§ **TASK REQUIREMENTS**: In the records below, find the line containing "I’ve Somehow Gotten" and repeat it and every line after it exactly, without pictures.

Short web captions:
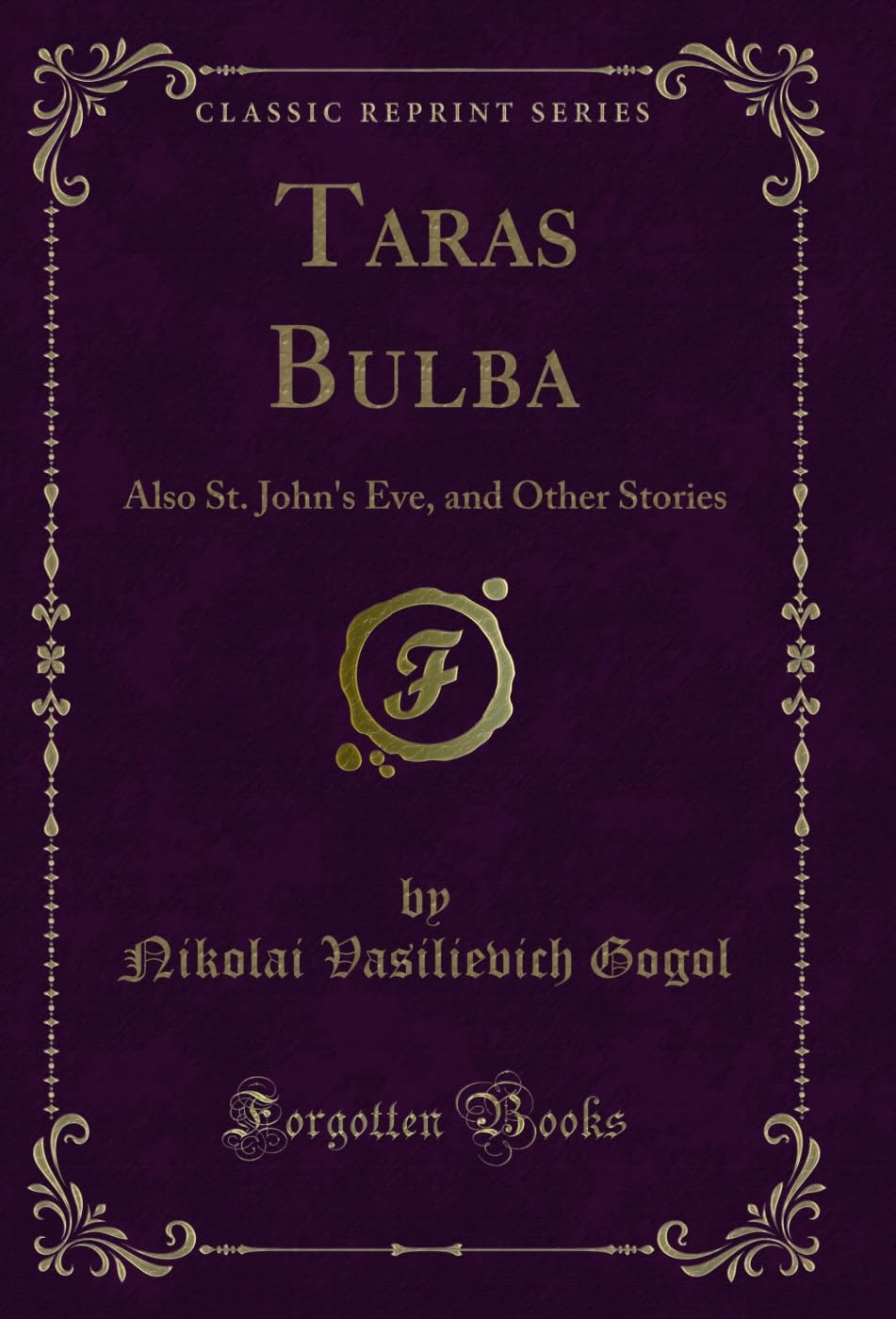 Taras Bulba: Also St. Johns Eve, and Other Stories (Classic Reprint)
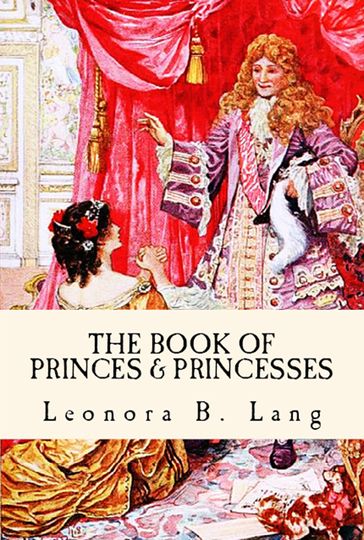 The Book of Princes and Princesses - Leonora Blanche Lang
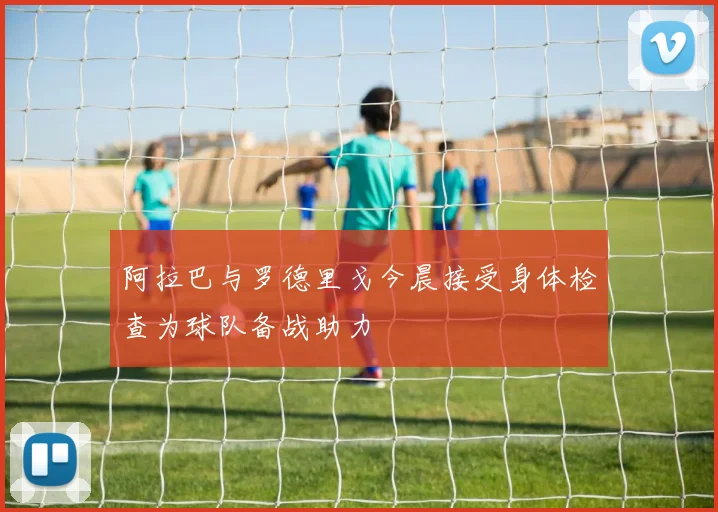 阿拉巴与罗德里戈今晨接受身体检查为球队备战助力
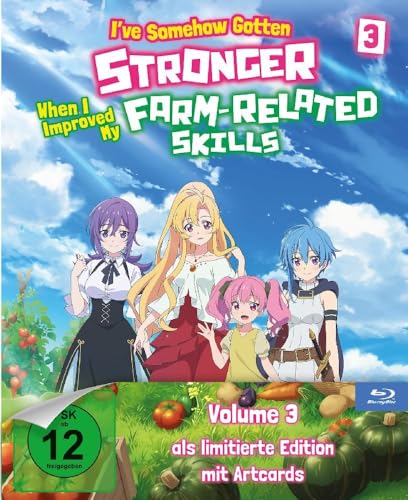 I’ve Somehow Gotten Stronger When I Improved My Farm-Related Skills - Volume 3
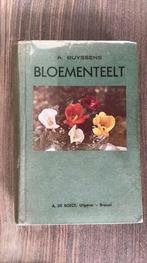 A. Buyssens : Bloementeelt (1949), Boeken, Wonen en Tuinieren, Adolf Buyssens, Ophalen of Verzenden, Zo goed als nieuw, Tuinieren en Tuinplanten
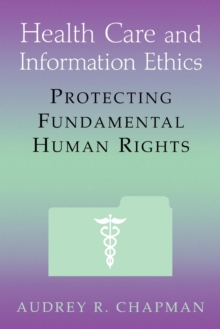 Image for Health Care and Information Ethics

§ **TASK ANSWER**:
 I’ve Somehow Gotten Stronger When I Improved My Farm-Related Skills - Volume 3
 A. Buyssens : Bloementeelt (1949), Boeken, Wonen en Tuinieren, Adolf Buyssens, Ophalen of Verzenden, Zo goed als nieuw, Tuinieren en Tuinplanten
 Image for Health Care and Information Ethics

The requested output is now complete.